In western British Columbia, there is significant potential for earthquakes as plates beneath the earth’s crust move together, pull apart, and slide past one other at a rate of a few centimeters per year. Each year more than 1,000 earthquakes are recorded in western Canada, and although many occur offshore or are at a small magnitude, a large earthquake can happen at any time without warning causing significant damage and loss of life. Preparedness is always the best way to protect yourself from an earthquake, as prediction is still a fairly inaccurate science.

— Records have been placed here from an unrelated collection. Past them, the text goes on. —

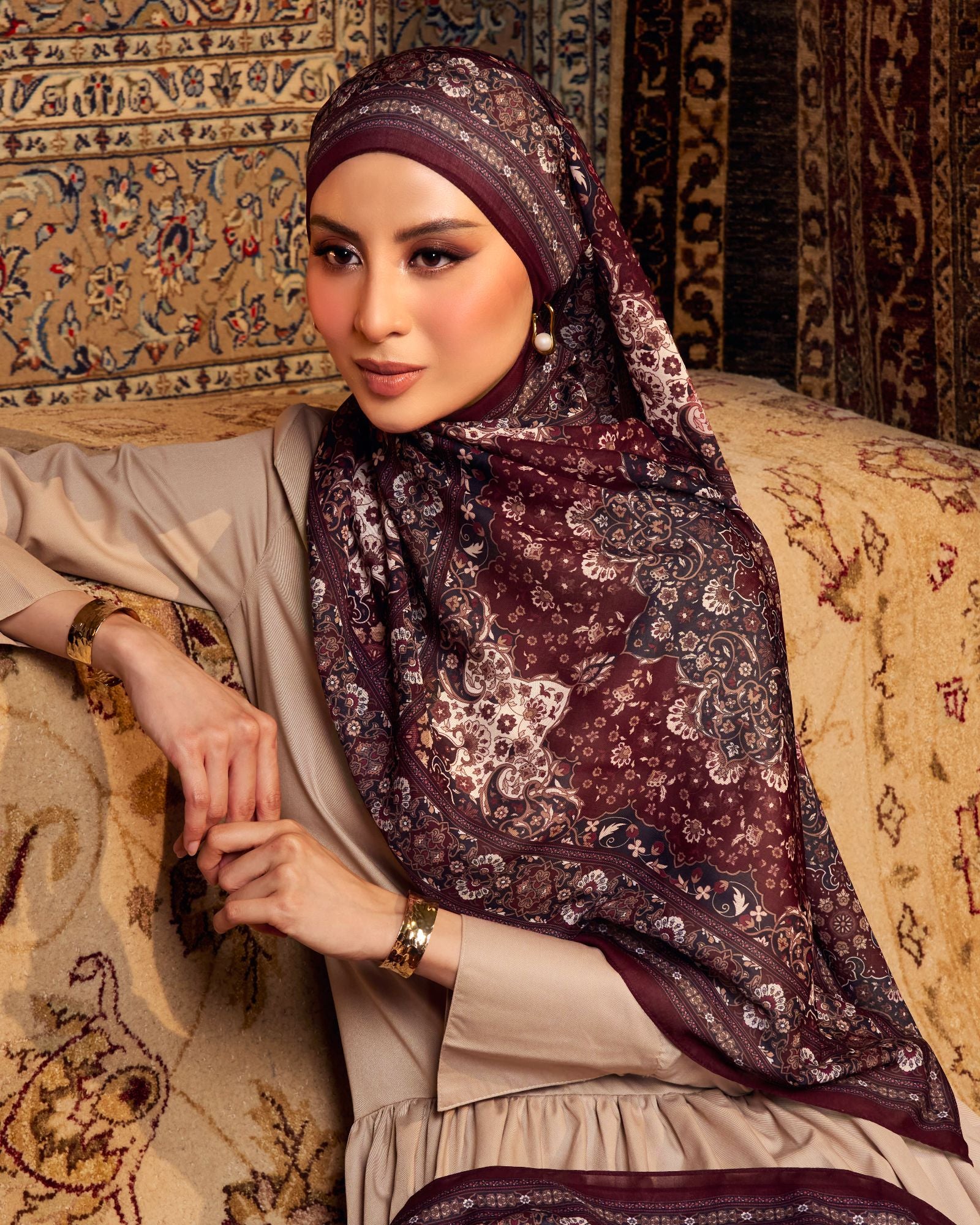 Sultana in Ruhena Shawl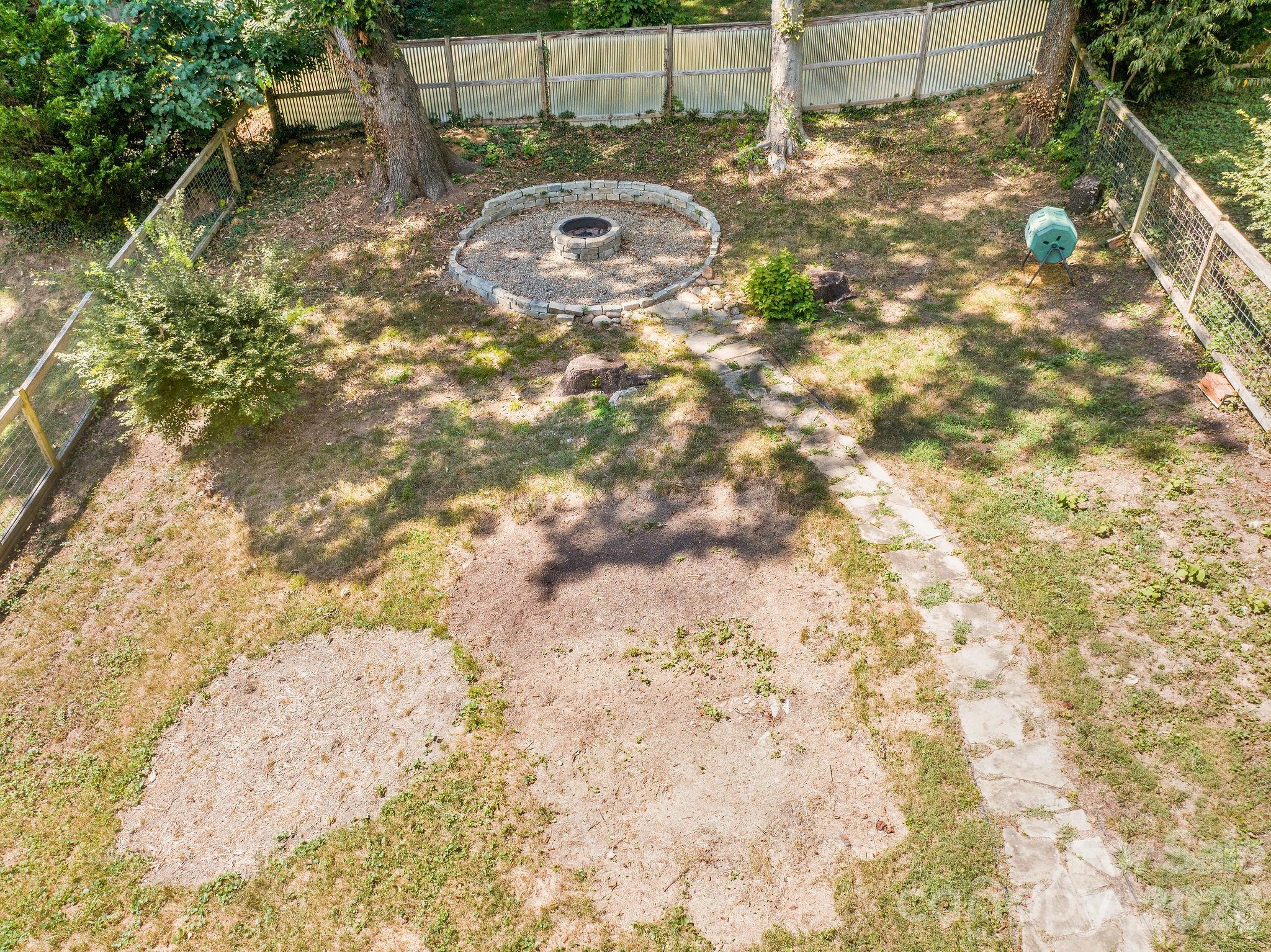 27 Hubbard Avenue Property Photo 42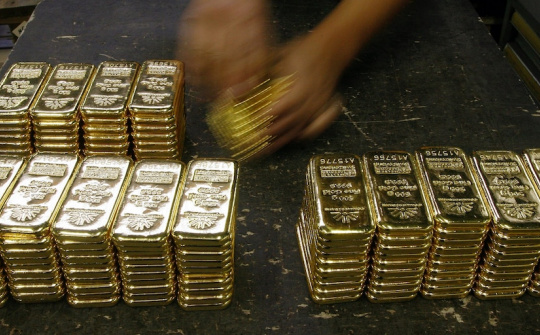 Giá vàng thế giới phục hồi trở lại, vàng trong nước dao động mức 56,8 triệu/lượng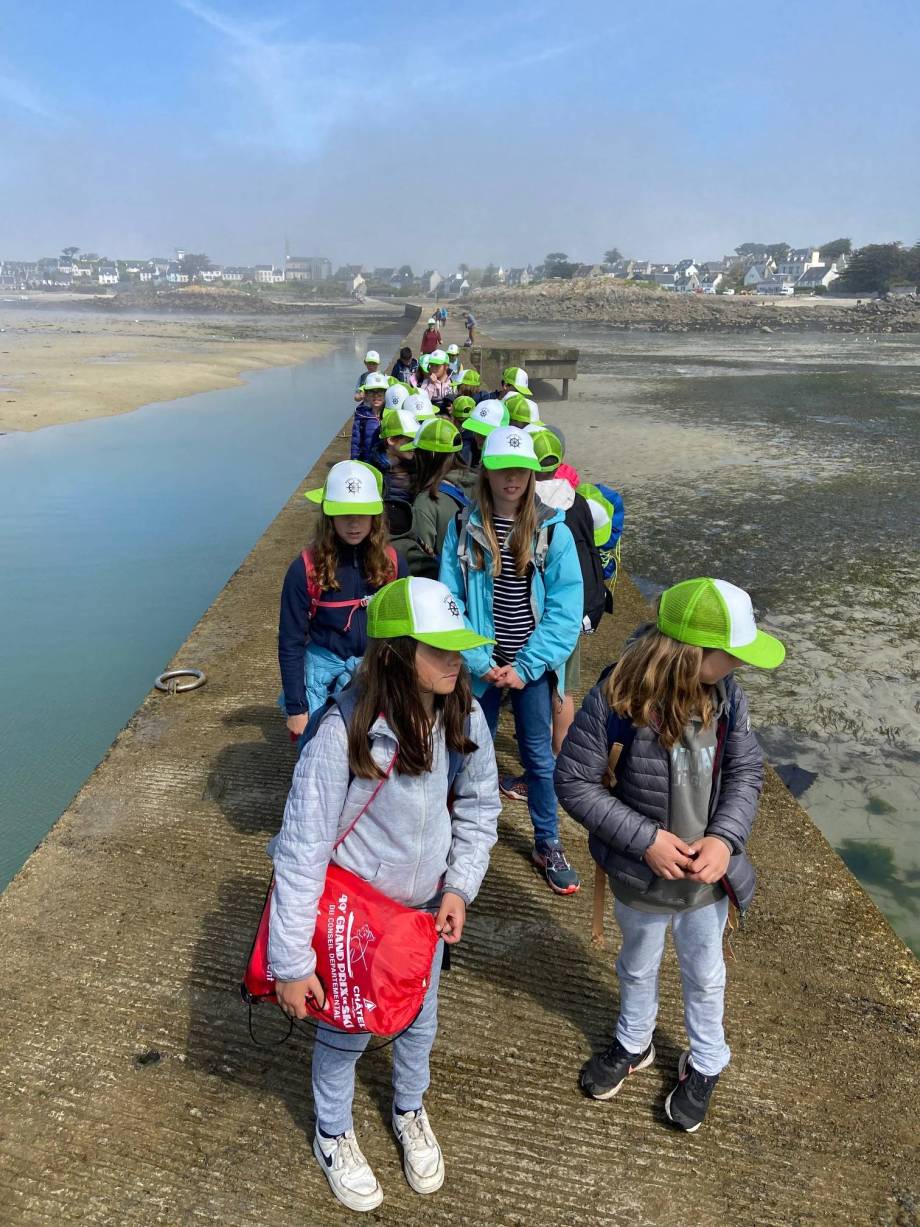 Les élèves prêts à embarquer pour l'Ile de Batz.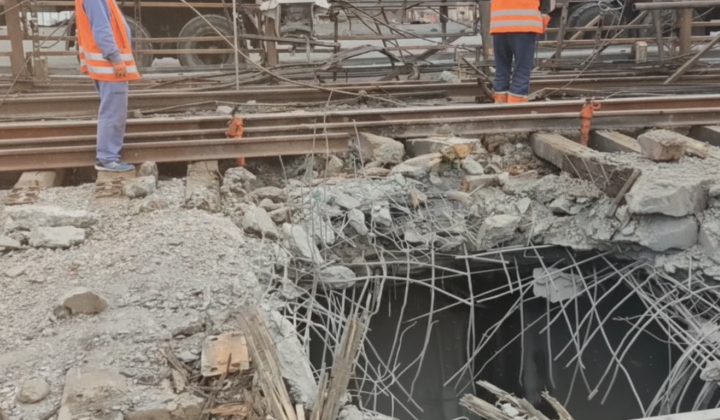 October 27 Missile Strike Destroys Kyiv’s Southern Bridge, Halting Traffic and Causing Casualties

  • Watch this preparedness video for some great tips on what to do during an earthquake
  • Develop a household emergency plan and assign specific safety tasks to family members. Practice your household emergency plan every six months.
  • Put together an emergency kit to be self-sufficient for at least 72 hours, but aim for one week. Keep a kit in your vehicle, and at school or work.
  • Plan a family meeting spot and have an contact, such as a family member in another region, to check in with if you become separated.
  • Get training in emergency preparedness and first aid.
  • Keep your vehicle in working order and always have at least half a tank of gas.
  • Pay attention to notices of danger and information updates on radio, TV and the internet.
  • Identify safe places indoors and outdoors:
    • Under sturdy furniture such as a heavy desk or table
    • Against an inner wall
    • Away from windows or mirrors, where glass could shatter
    • Away from heavy or insecure furniture that could fall over, such as bookcases
    • In the open, away from buildings, trees, telephone and power lines, overpasses, or elevated expressways   


If you are inside your home or office when an earthquake strikes, stay there:

  • Drop under a sturdy desk or solid piece of furniture to cover your body as much as possible. Hold on to the furniture and continue to protect yourself. If the furniture moves, stay under and move with it.
  • Inner walls, corners and hallways can also be safe. The inner core of a building is usually the strongest and least likely to collapse. Get down alongside the inner wall or corner and curl up so that your forehead is on the ground in front of your knees. Clasp your hands tightly behind your head and neck so that they are covered as much as possible. Be aware that there may be hazards like pictures, glass, light fixtures, unsecured shelving.  
  • If you are in a very narrow hallway, you can sit down against the inner wall with your feet against the other wall, while protecting your head and neck.
  • If there is no cover, just grab anything in sight that could protect you.
  • Be aware that even if the shaking stops, there could be aftershocks.
  • Remember: DROP, COVER and HOLD ON.

Additional tips:

  • If you are in the kitchen when the shaking starts, get out and find a safe spot close by. The kitchen is a very dangerous place to be, as appliances can fall over or off of shelves, or the contents of cupboards and drawers can fly across the room.
  • If you are sleeping when the shaking starts, stay in bed and protect yourself with your pillows and blankets. Close your blinds and curtains at night as they can offer some protection from broken glass.
  • If you are showering when the shaking starts, immediately drop down to avoid slipping and falling. Protect yourself with the shower curtain, bath mat, a towel, clothes, or your hands.
  • Teach children to stay under cover, even after the shaking has stopped, until an adult is able to help them.
  • Don't worry about your dog or cat. Animals instinctively run for cover when they are frightened.
  • In high-rise buildings, determine if you can safely evacuate after the shaking stops. Do not use elevators as the power may go out. 
  • If you are inside a crowded public place, do not rush for doorways. Move away from display windows and grab something to protect yourself.
  • If outdoors, move away from buildings as they can produce falling debris. Stay away from utility wires. Once in the open, stay there until the shaking stops.
  • If you are in a vehicle, stop as quickly and safely as possible and move over to side of the road, away from utility poles and overhead wires. Stay off bridges and get away from overpasses. Park your vehicle and remain in it with the radio on for emergency broadcast information. If you feel it is safe to drive when the shaking stops, watch for breaks in the pavement, downed utility poles, and electrical wires.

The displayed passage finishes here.